Por último, eu gostaria de falar sobre o Programa de Desenvolvimento Sustentável das Populações Tradicionais.

Então, serão alguns temas. Eu espero não precisar dos quarenta minutos, já agradecendo, enfim, a audiência do Senador Mão Santa, bem como daqueles colegas que trabalham na Casa e aos que nos assistem neste momento.

Eu pediria à Jandira que, por favor, pegue o celular que está tocando insistentemente lá na minha bancada.

Senhoras e Senhores, o Frei Leonardo Boff, como o chamam carinhosamente de Frei Leonardo Boff, é uma pessoa que goza do nosso imenso respeito e completou setenta anos, fazendo, inclusive, um momento de congraçamento com seus amigos e a sua família. Infelizmente, não pude comparecer a essa festa e gostaria aqui de fazer uma rápida referência ao requerimento que apresentei, de acordo com o art. 222 do nosso Regimento Interno, que concede um voto de congratulação pelo aniversário de 70 anos do teólogo e professor Leonardo Boff.

O Leonardo é um teólogo e professor que deu uma grande contribuição a este País, sobretudo a partir da Teologia da Libertação. As suas posições o levaram a sofrer conseqüências, inclusive tendo sido obrigado ao silêncio obsequioso em função das sanções que lhe foram aplicadas no período em que estava no auge o debate sobre como a Igreja deveria assumir o compromisso radical da defesa dos pobres, da libertação daqueles que mais precisam, à luz do Evangelho.

Não tenho tempo de ler toda a justificativa desse voto de congratulações, mas o que eu quero dizer é que o Leonardo deixou uma grande... deixou não, ele ainda é um militante da causa, ainda é alguém que se coloca na perspectiva sonhadora de um Brasil melhor, de um mundo melhor, com um olhar sobretudo para a ecologia, uma ecologia que seja capaz de pensar as pessoas, de pensar as outras formas de existência, e de pensar uma ética para o nosso tempo que assegure não apenas o homem na sua visão antropocêntrica de que ele é o centro de todas as coisas, mas que ele seja capaz de se colocar como parte de um processo em que as outras formas de existência é que sustentam a sua própria.

E o Leonardo, acho que, mais do que ninguém, deu e dá essa contribuição nos debates que faz, nos livros que escreve. Eu queria aqui apenas fazer esse registro e dou como lida a justificativa desse voto de congratulações.

Um outro assunto que eu gostaria de trazer aqui, Sr. Presidente, refere-se à aprovação, pelo Plenário deste Senado, da PEC que concede aposentadoria especial para o extrativista vegetal.

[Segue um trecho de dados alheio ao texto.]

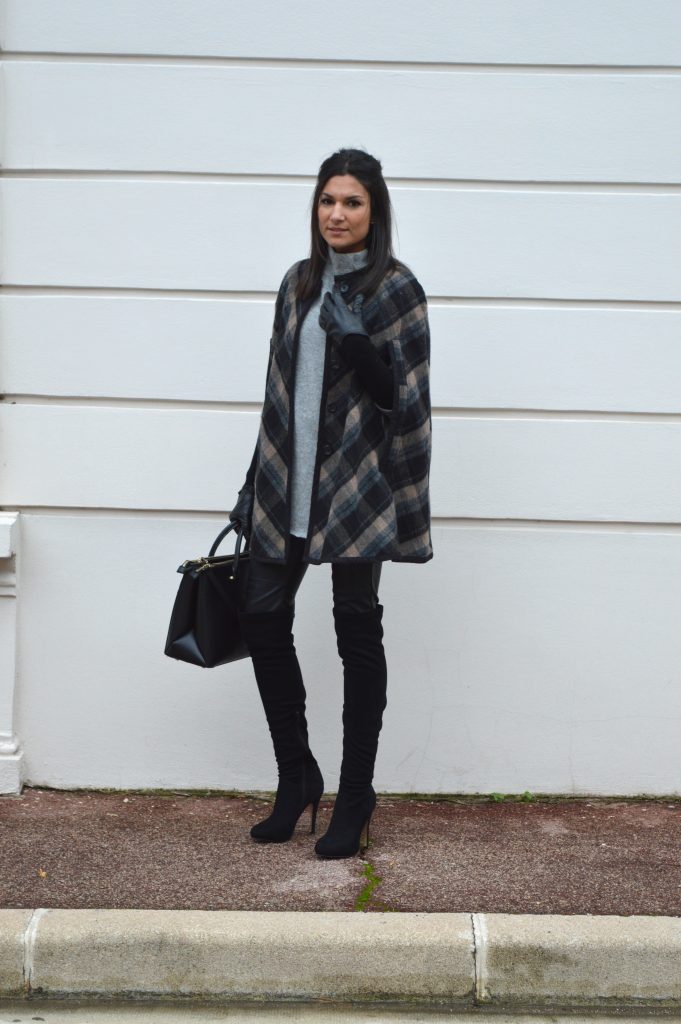 idée tenue hiver cape à carreaux zara tendance hiver 2015 cuissardes en daim talons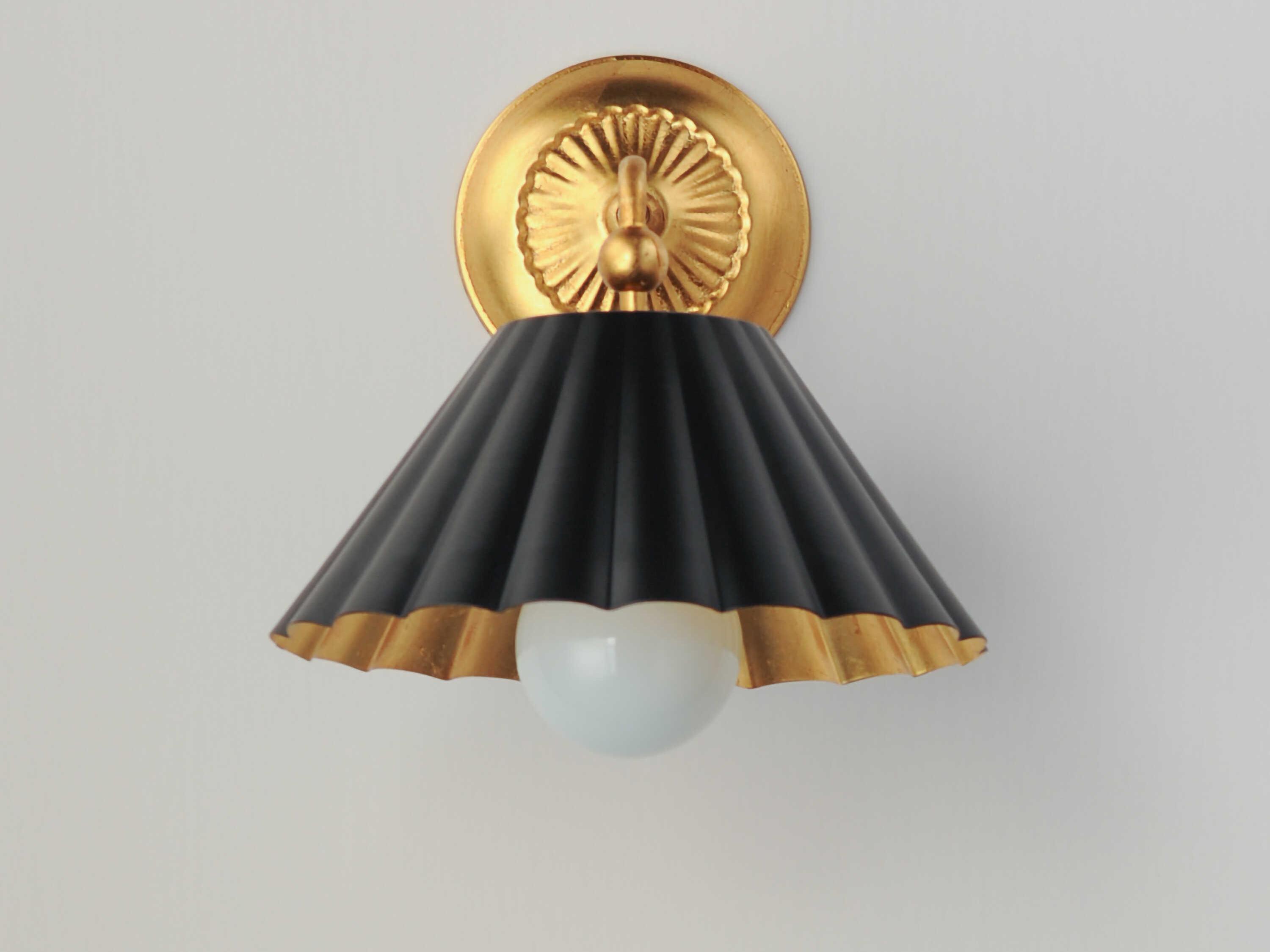 Maxim Lighting Primrose 1-Light Black Gold Leaf Wall Sconce
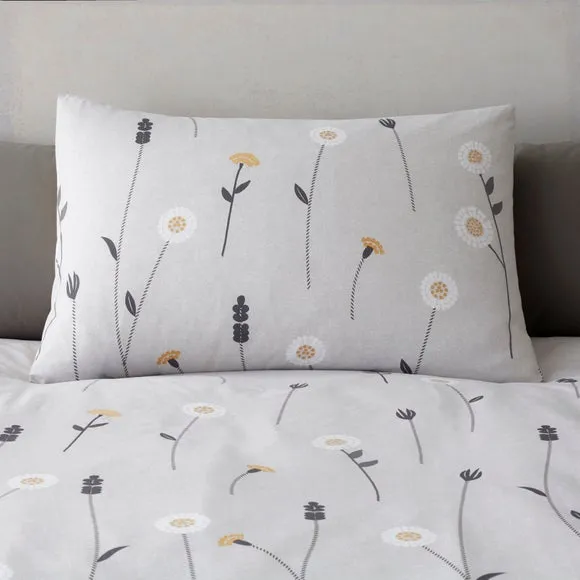 Scandi Floral Grey Duvet Cover and Pillowcase Set 4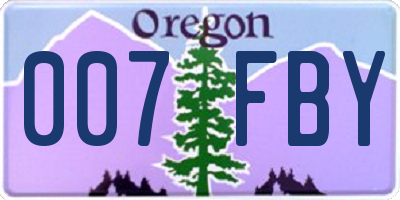 OR license plate 007FBY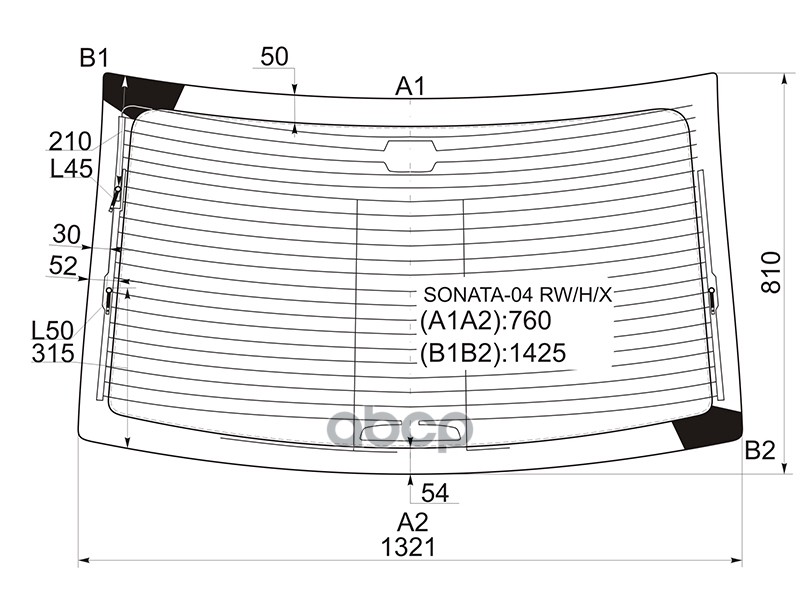 Стекло заднее (Цвет зеленый/ Обогрев/ Антенна) Hyundai Sonata 04-10 XYG арт. SONATA-04 RW/H/X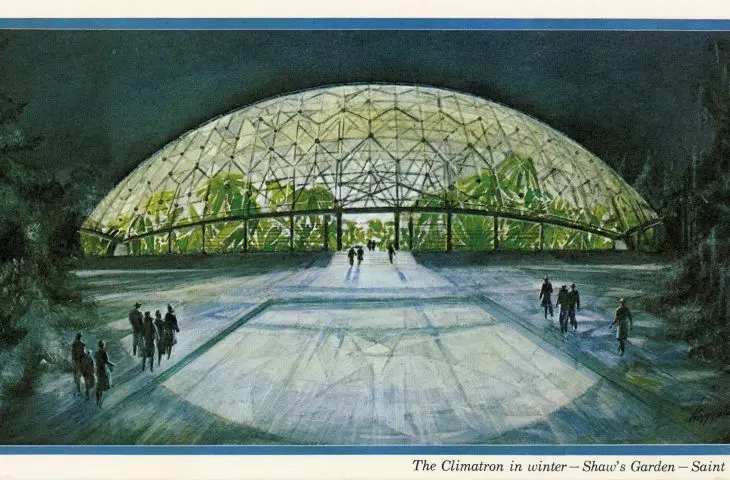 „The Climatron in winter–Shaw’s Garden — Saint Louis”, artysta nieznany, ok. 1960 roku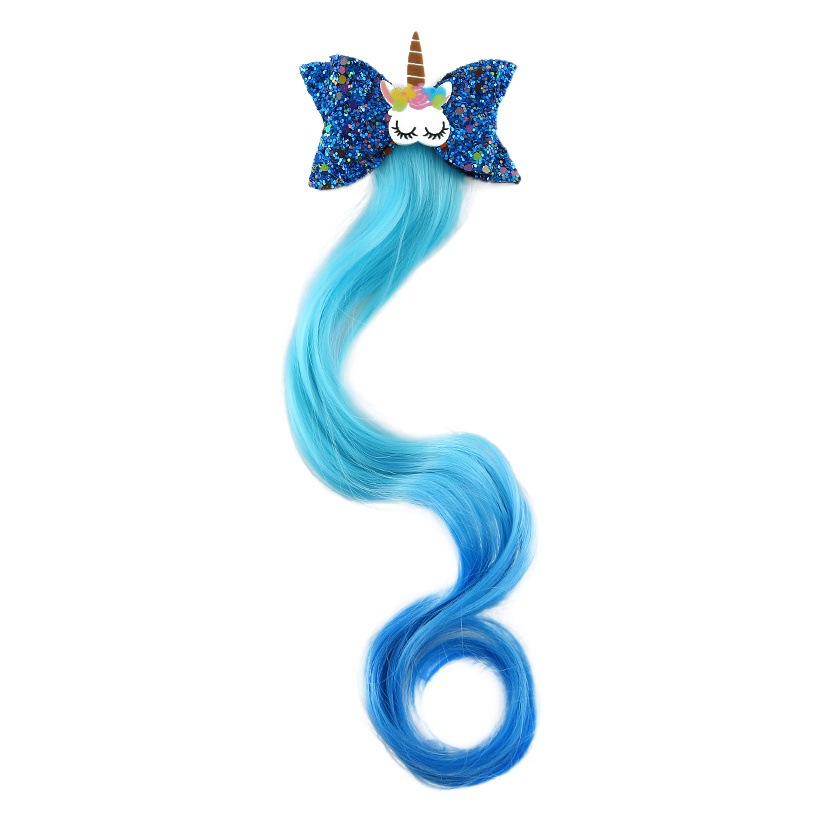 Fábrica DE LOS NIÑOS unicornio horquilla niñas arco brillante trenzado rizado peluca extensión del pelo princesa Dress Up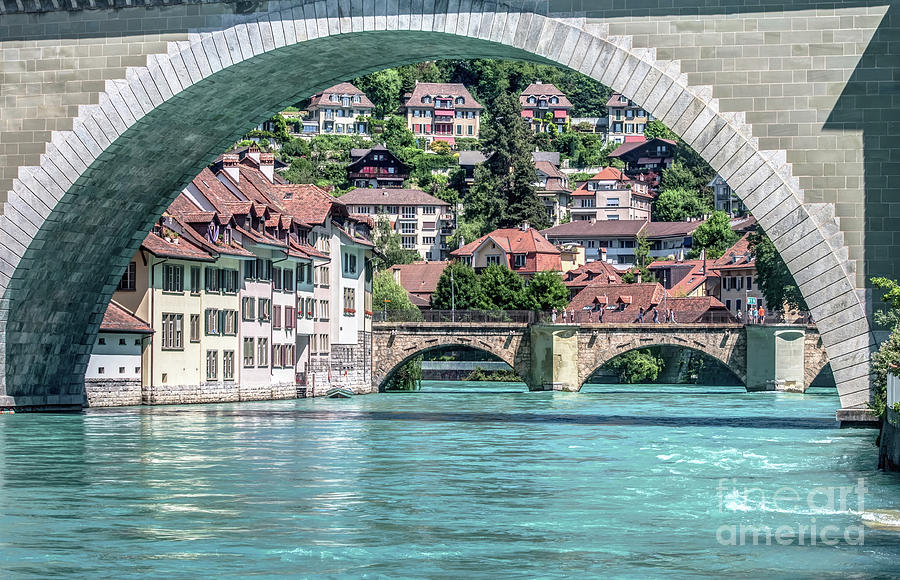 Architecture Photograph - under the Nydegg bridge in Bern by Michelle Meenawong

         Eu, infelizmente, em função de compromissos assumidos em um período bem anterior à nossa agenda de votação, não tive como estar presente. Fiquei o tempo que pude, mas não tive como deixar de viajar para São Paulo, mas, antes, além de já ter conversado com a nossa Líder, Ideli Salvatti; com os colegas da minha Bancada; com a Liderança do Governo; com a Base de sustentação, tive a oportunidade de conversar com o Senador Agripino, com o Senador Nery, com o Senador Arthur Virgílio e pedi acolhimento para a aprovação dessa PEC, que repara uma injustiça histórica em relação àqueles que praticam o extrativismo vegetal.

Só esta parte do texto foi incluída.